§ **YOUR GOAL**
Each line from the one containing "405 Old Castle" through the last line of the records is to be repeated exactly, with all pictures left out.
** Opening DATA LISTING block **
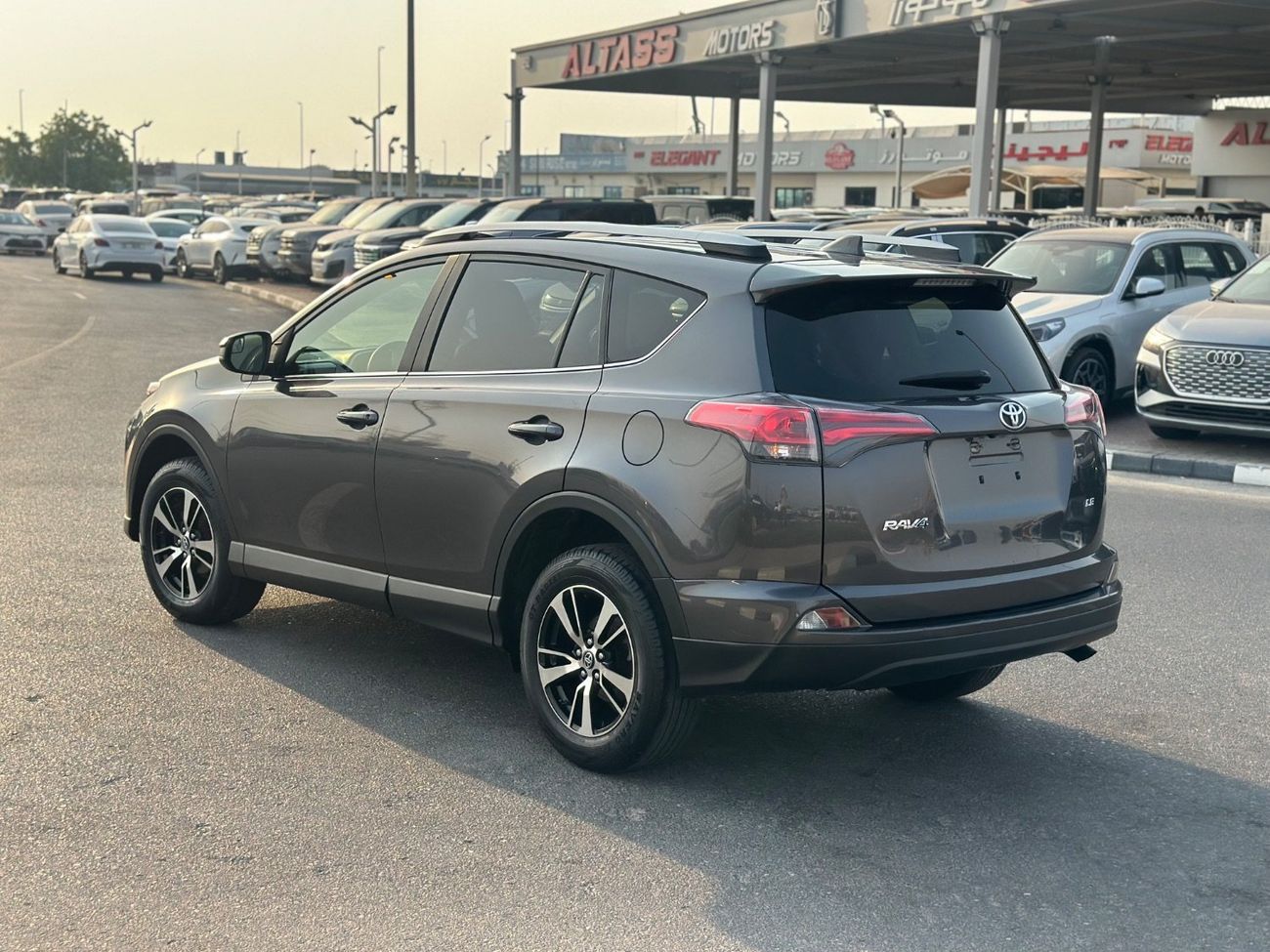 Toyota RAV4 2017 good condition leather seats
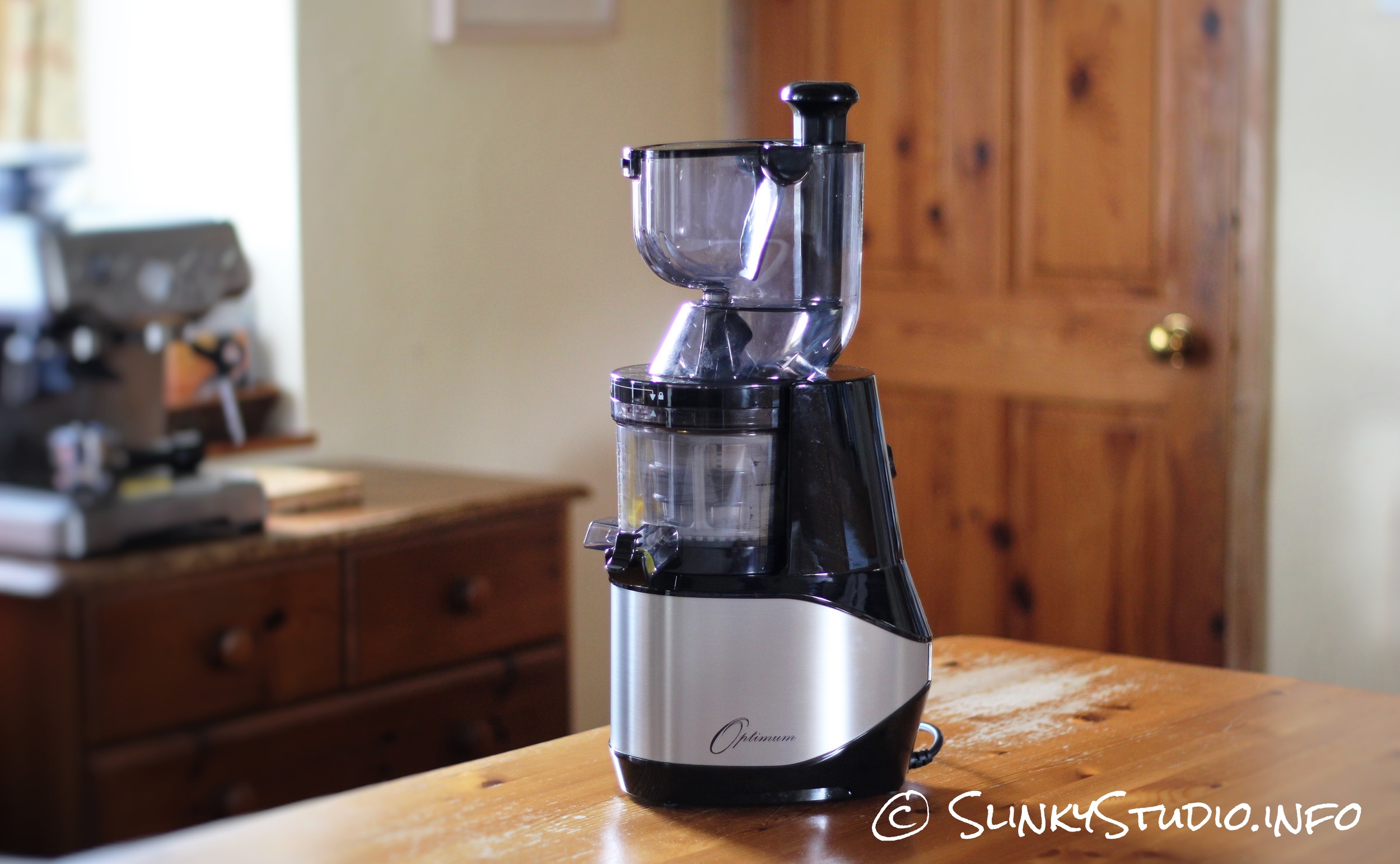 Optimum 700 Advanced Juicer Review the Big Squeeze Slow Juicer Unused for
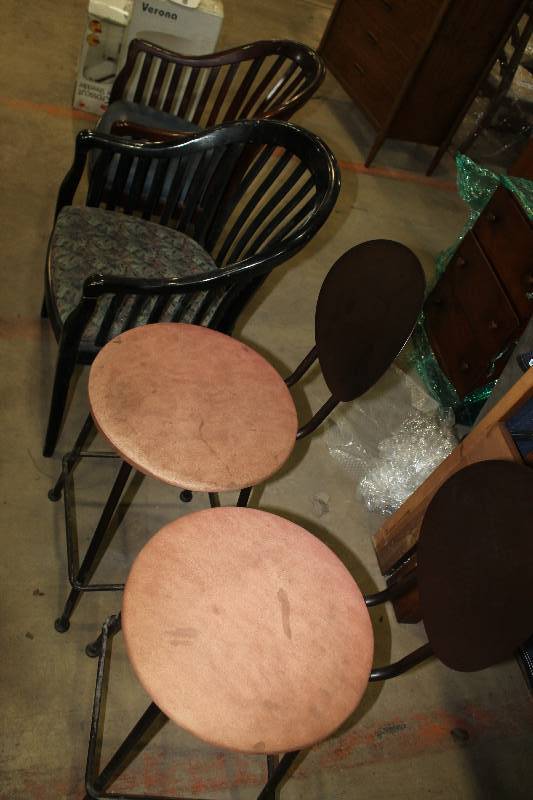 lot 301 image: Lot of (4) Formal Chairs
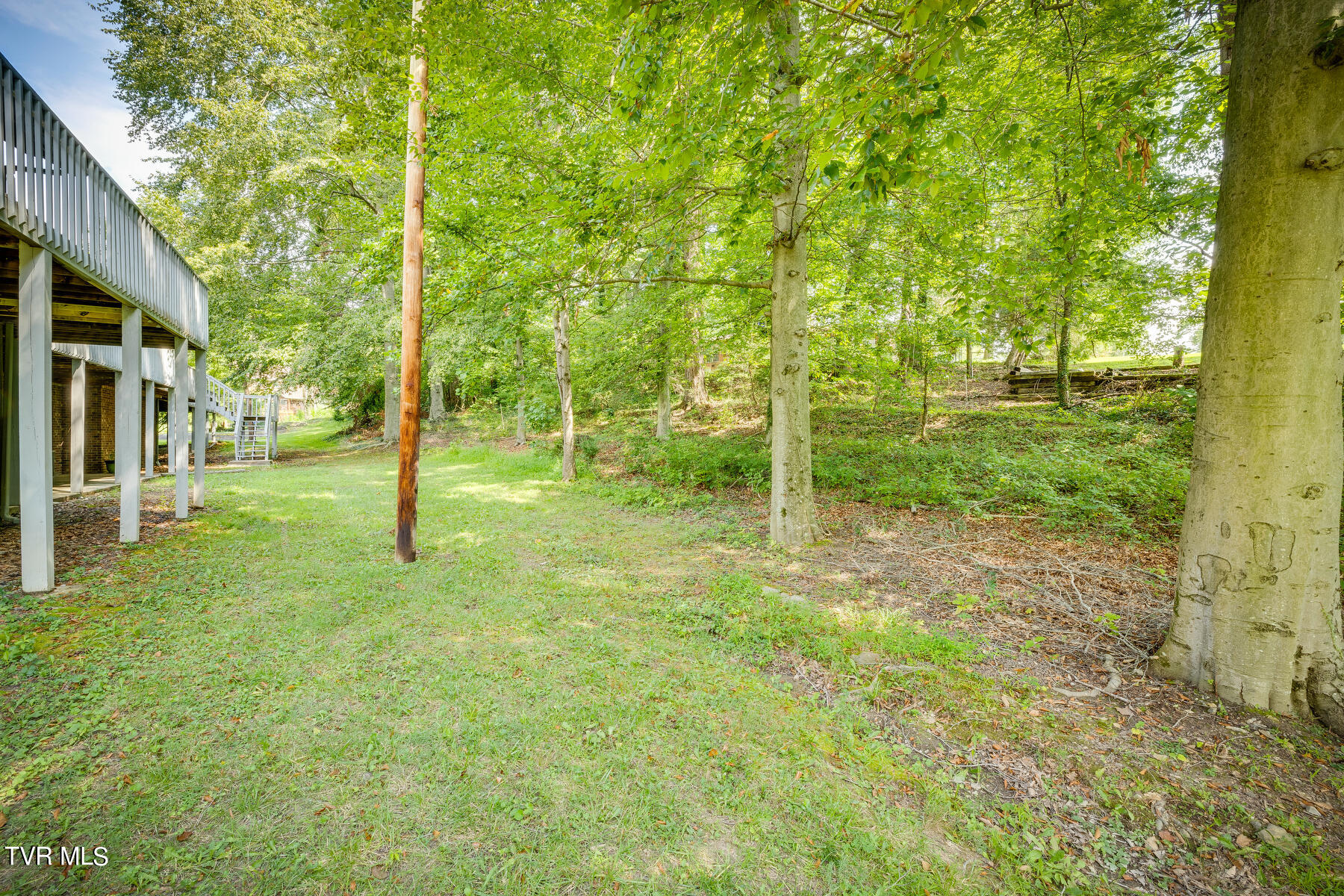 405 Old Castle Road Kingsport, TN 37660 - Photo 12 of 117 090
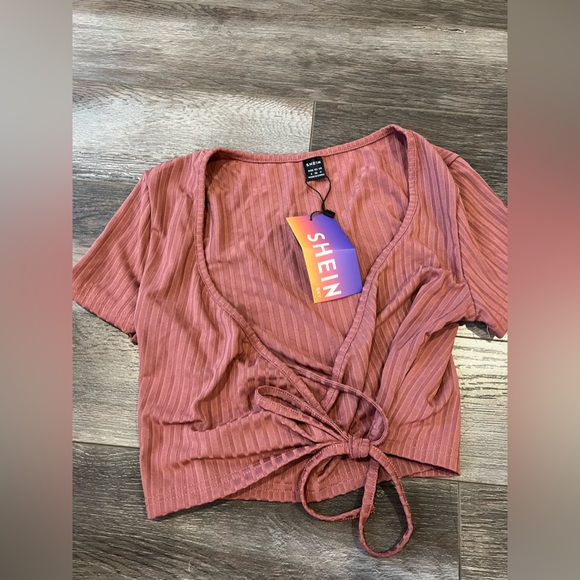 Tie Front Cropped Tee - Picture 1 of 3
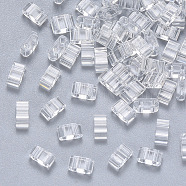 2-Hole Transparent Glass Seed Beads, Rectangle, Clear, 4.5~5.5x2x2~2.5mm, Hole: 0.5~0.8mm, about 2000pcs/bag(SEED-S031-M-001)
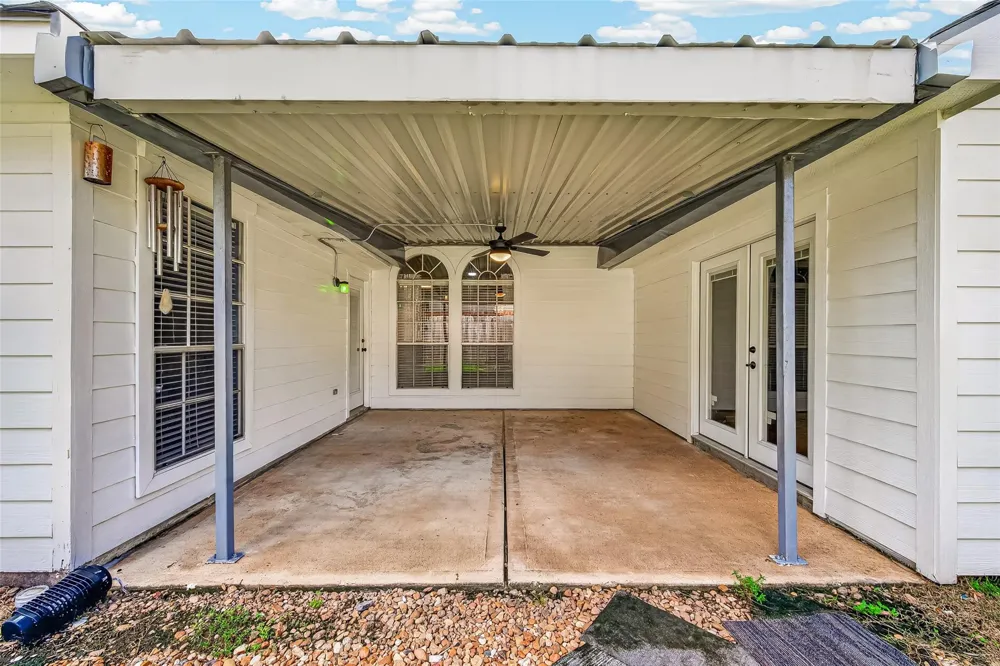 12007 Viola Court Pinehurst, TX 77362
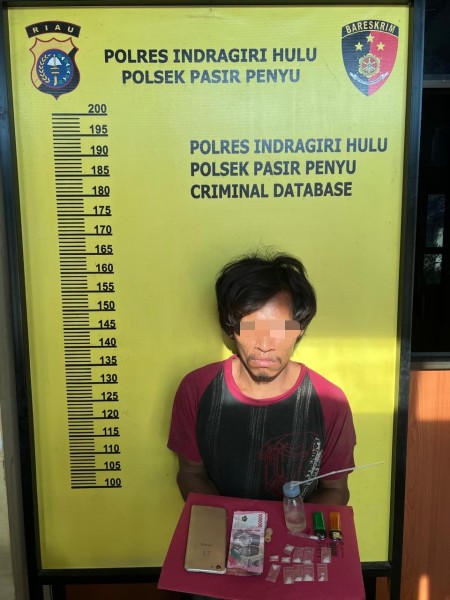 Polsek Pasir Penyu Kembali Grebek Rumah di Kelurahan Sekar Mawar, Hasilnya 11 Paket Narkoba Disita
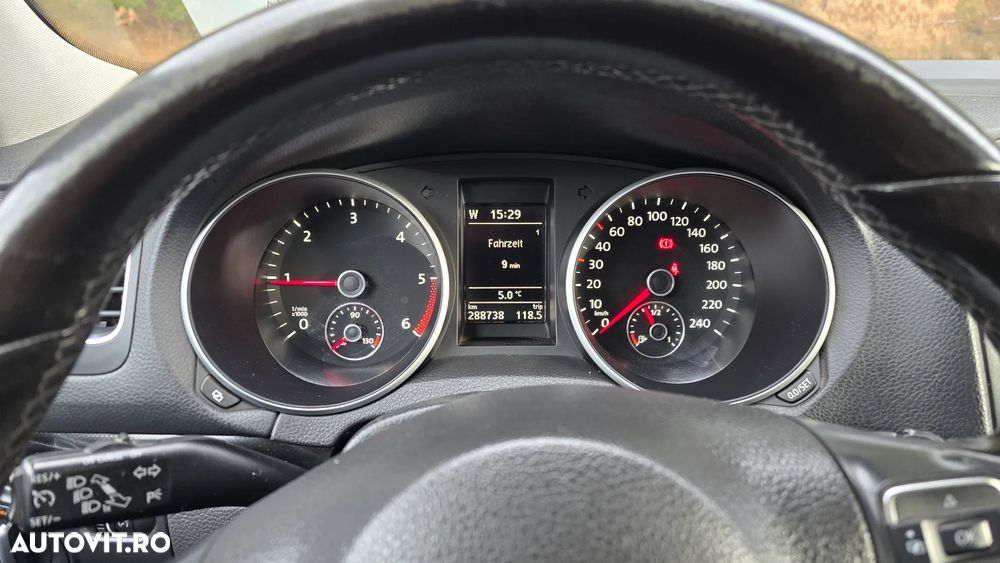 Volkswagen Golf 1.6 TDI DPF BlueMotion Technology Style - 10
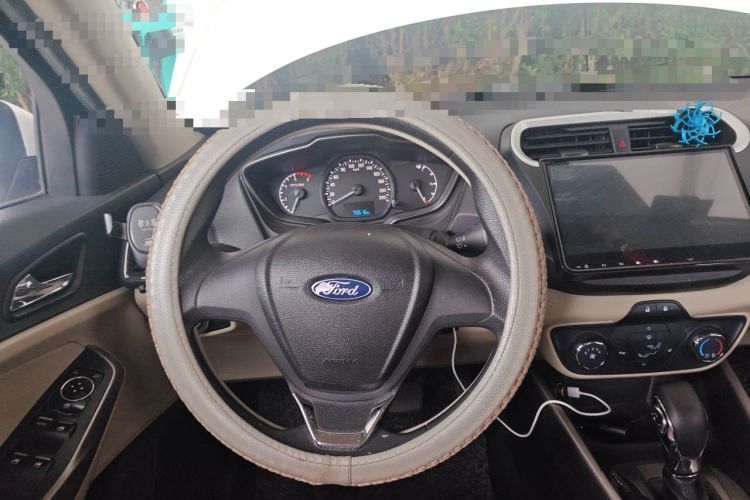 Used Ford Escort 2015 1.5L Automatic Comfort Edition Steering Wheel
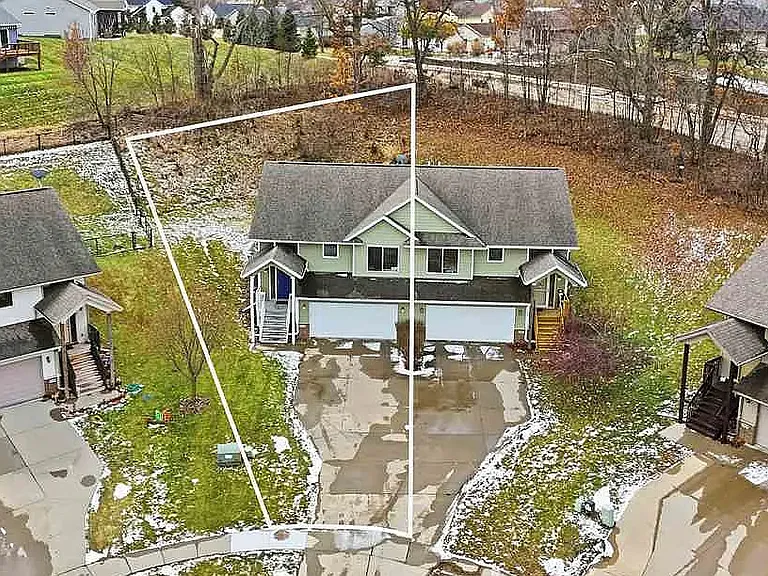 295 Hickory Ct — Photo 30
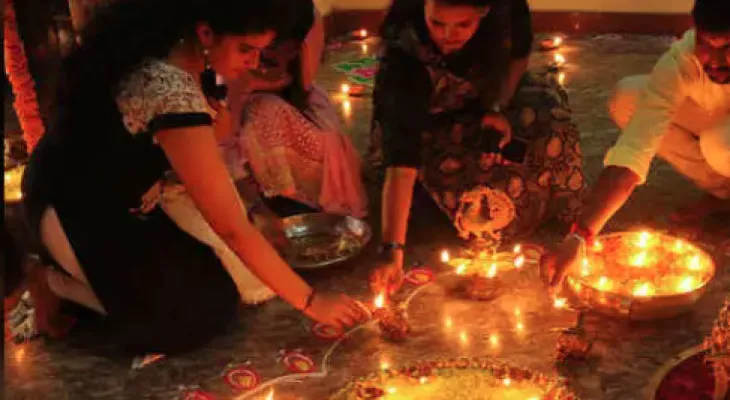 Diwali 2024 Date : दिवाली की तारीख को लेकर लोग असमंजस में, 30 अक्टूबर या 1 नवंबर आखिर कब है दिवाली?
** Closing DATA LISTING block **
§ **RESPONSE TO THE TASK**
 405 Old Castle Road Kingsport, TN 37660 - Photo 12 of 117 090
 Tie Front Cropped Tee - Picture 1 of 3
 2-Hole Transparent Glass Seed Beads, Rectangle, Clear, 4.5~5.5x2x2~2.5mm, Hole: 0.5~0.8mm, about 2000pcs/bag(SEED-S031-M-001)
 12007 Viola Court Pinehurst, TX 77362
 Polsek Pasir Penyu Kembali Grebek Rumah di Kelurahan Sekar Mawar, Hasilnya 11 Paket Narkoba Disita
 Volkswagen Golf 1.6 TDI DPF BlueMotion Technology Style - 10
 Used Ford Escort 2015 1.5L Automatic Comfort Edition Steering Wheel
 295 Hickory Ct — Photo 30
 Diwali 2024 Date : दिवाली की तारीख को लेकर लोग असमंजस में, 30 अक्टूबर या 1 नवंबर आखिर कब है दिवाली?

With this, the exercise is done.